Druciaki.
Druciane klosze zawsze mi się podobały.Przy każdej nadarzającej się okazji wzdychałam do nich skrycie.Niestety jak to bywa z ładnymi gadżetami cena powalała...I tak zawsze myślałam może kiedyś,następnym razem,przy jakiejś okazji typu urodziny czy imieniny...
W końcu postanowiłam wziąć sprawę w swoje ręce i powiedziałam sobie-zrobię sama,a co!!!:)
Tylko gdzie tu siatkę dostać w niewielkiej ilości??
Poszperałam i udało się znaleźć sprzedawcę który sprzedaje ową siatkę na metry a nie tylko w rolce.

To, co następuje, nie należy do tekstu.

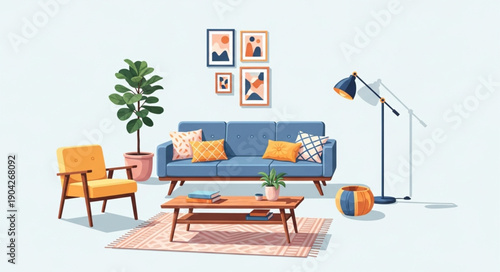 Modern living room interior with blue sofa and yellow armchair.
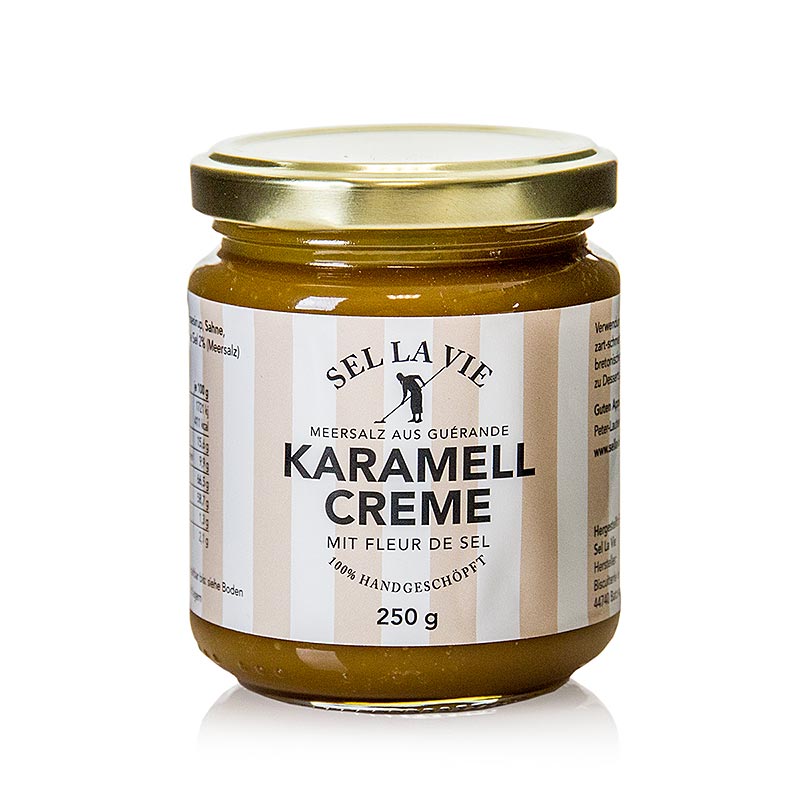 Karamellcreme mit Fleur de Sel, 250 g, ideal als Brotaufstrich oder für Süßspeisen wie Eis und warmen Apfelkuchen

Prędko zamówiłam i czekałam aż dotrze.
Jak to na mnie przystało gdy tylko dopadłam ją w swoje ręce musiałam zaraz wypróbować,jest dość giętka i w miarę plastyczna,niestety bardzo rani ręce,dlatego przy drugim podejściu byłam bardziej ostrożna i włożyłam rękawice ochronne.
Pierwszy klosz okazał się klapą,poranione ręce i efekt nie powalał.
Kolejne podejście,ja ochłonęłam i przemyślałam sposób wykonania,siatka-totalnie mi się poddała.:)
I tak powstały 3 klosze druciane i ozdobna ramka z siatką.
Jasne ktoś się przyczepi i powie te w sklepie ładniejsze,ja na to że te wykonane własnoręcznie dają więcej satysfakcji i może potrzeba im jeszcze dopracowania,ale są moje i moje oczy cieszą.:)
I tak sobie jeszcze myślę że idealnie wpasowały się w jesienny wystrój mieszkania.